The Ulrich highlighted its photo exhibit, “Where We Belong: Refugee Stories from Wichita” with a documentary screening. “Where We Belong” focuses on five refugee families from different countries living in Wichita.
“Midnight Traveler,” an award-winning 2019 film, tells the story of one refugee family’s harrowing journey. It follows filmmakers and husband and wife Hassan Fazili and Fatima Hussaini and their two daughters.
The couple used smartphones to film their family’s flight from Afghanistan to Hungary after being targeted by the Taliban. They faced threats from smugglers, freezing cold, anti-immigrant violence and long waits in overcrowded camps, only to face an uncertain future in Hungary.
Mythili Menon, an assistant professor of English and co-curator for “Where We Belong,” said the documentary was chosen to accompany the exhibit because it matched the goals of the exhibit’s organizers.
“This is a movie made by the (refugee) community, for the community,” Menon said. “Going with the theme of the exhibition, we’re telling their stories through their language, so we wanted to have a movie (which) resonates with what they want to show and tell rather than seeing it from the point of view of a third person.”
Menon emphasized the importance of sharing the stories of refugees in their native languages during a discussion with audience members after the screening.
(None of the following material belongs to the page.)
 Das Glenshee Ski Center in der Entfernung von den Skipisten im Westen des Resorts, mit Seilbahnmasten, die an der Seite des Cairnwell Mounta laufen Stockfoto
“We wanted to make sure that they are heard in a voice that represents them the most,” she said. “We know that things get lost in translation.”
Menon and the photographer of the exhibit, Kendra Cremin, discussed the aftermath of journeys like the one featured in “Midnight Traveler” and experienced by the subjects of “Where We Belong.” After traveling thousands of miles, the family in “Midnight Traveler” waits in a refugee camp for three years to have their case heard. According to Menon, the average timeline for refugees to resettle is 10 to 26 years.
Menon said that several of the refugee families featured in “Where We Belong” received help through the International Rescue Committee.
“This is really only the beginning of new challenges,” Cremin said. “We always talk about integration in this country. That’s the term that we use. The refugees and asylees have to integrate into this society. What does that integration look like, and what resources do they have to help them integrate?”